Reproduce the data in full, exactly as given, leaving images out.

[Given material]:
= = = =

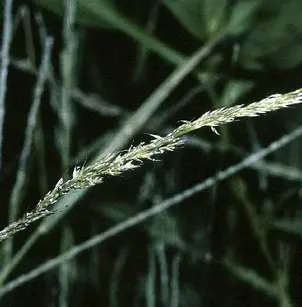 Nimblewill (Muhlenbergia schreberi)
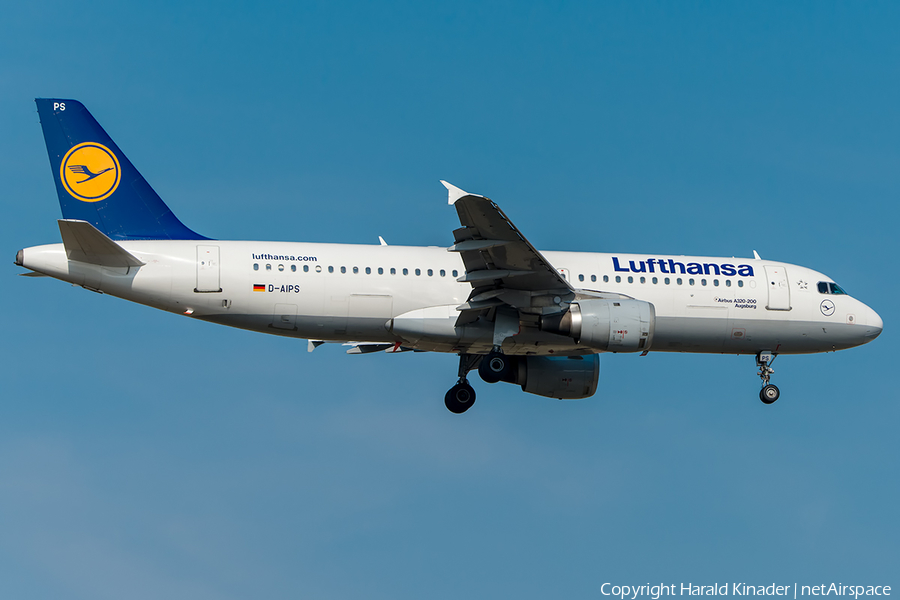 Lufthansa Airbus A320-211 (D-AIPS) | Photo 295416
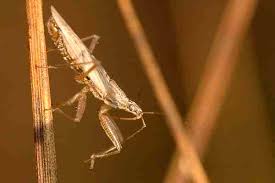 Attēlu rezultāti vaicājumam “Rhynocoris annulatus nymph”
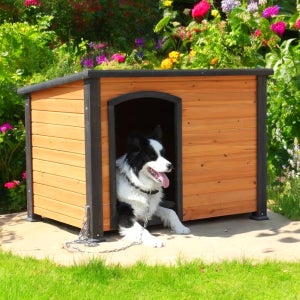 대형견집 대형 개집 야외 실외 원목 진돗개집 강아지 하우스 M [디자인1]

= = = =

[Written answer]:
 Nimblewill (Muhlenbergia schreberi)
 Lufthansa Airbus A320-211 (D-AIPS) | Photo 295416
 Attēlu rezultāti vaicājumam “Rhynocoris annulatus nymph”
 대형견집 대형 개집 야외 실외 원목 진돗개집 강아지 하우스 M [디자인1]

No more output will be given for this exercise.